Already, I realize that I have initiated one of three typical reactions to my introduction: I imagine you are excited, scared, or apathetic. Some readers didn’t even make it this far. But you did, so let’s continue.
Though I was a junior in college, I could still pass for twelve years old as I headed to work as a counselor at a summer camp. I was reeling from a breakup, and at the time, I would’ve described myself as having been “dumped.” In the errant wisdom of my youth, I swore off relationships with girls altogether, setting a timeline for myself of one year that I would spend pursuing other activities and interests. But on the very first day that my fellow counselors and I arrived at camp, I met her. And her was named Virginia. And with Virginia, my short girlfriend fast was officially over. Of course, she didn’t yet know that, nor did she know my name or that I even existed, but I am nothing if not optimistic.
Over the course of the next eighteen months, I spent numerous hours on the phone and in the computer lab at school (kids, that’s where the only computers used to be on a college campus), seeking to get to know this particular girl of whom I was particularly fond.
We have been married almost fifteen years now, and I promise you that not a day goes by that I don’t pinch myself in disbelief that she chose to spend her life with me. When I think back on those eighteen months between our meeting and our wedding, there is one word that sums up that time period—pursuit. I pursued a relationship with Virginia because I wanted to know her.
Christ has pursued us in love, and we are to pursue others with the truth of the gospel and the love of Christ. Active pursuit.
Scripture is emphatic about our responsibility to love those around us. We are to “go,” to “make disciples of all nations” (Matthew 28:19). We are to proclaim the good news to a thirsty world.

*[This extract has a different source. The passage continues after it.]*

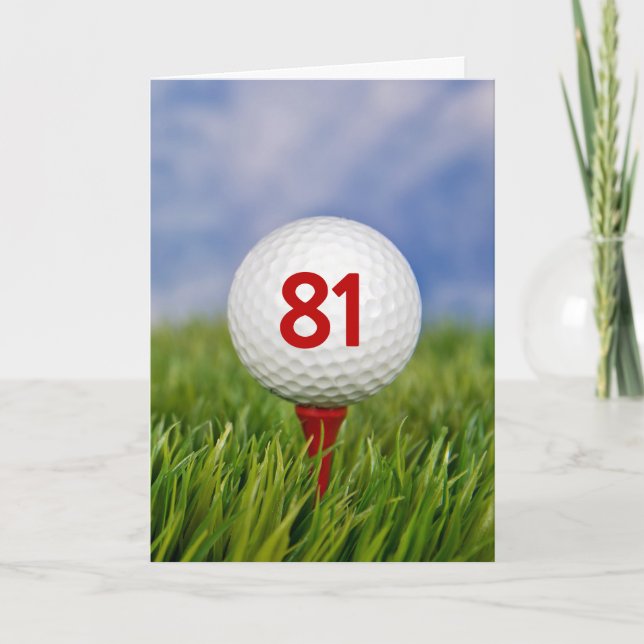 Carte 81e anniversaire Golf Ball on Red Tee (Devant)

And we are commanded to love others in a sacrificial way, while loving our fellow brothers and sisters so well that the world actually knows that we are Christians by the evidence of our love for one another.
These imperatives from Scripture can be summed up as pursuit. Christ has pursued us in love, and we are to pursue others with the truth of the gospel and the love of Christ. Active pursuit.
Yet, too often, I am reminded of anything but pursuit when it comes to my many experiences of the way churches engage persons with disability. A different word comes to mind, in fact—accommodation. That word should sound like nails on the chalkboard to any church, and it is certainly a stain on the bride of Christ if it describes a church’s work with various persons in their community.
Imagine how ministry would change if the church decided it truly, actively wanted to get to know persons of all shapes, sizes, and abilities.
I certainly don’t accommodate my wife. I pursue her. It would hurt our marriage if I stopped treating her like someone I actively want present in my life and started treating her like someone who just happens to be in my life.
The gospel has pursuit over accommodation in mind when we engage persons in our community. Imagine how ministry would change if the church decided it truly, actively wanted to get to know persons of all shapes, sizes, and abilities. That’s the call of Jesus. And we have some work to do.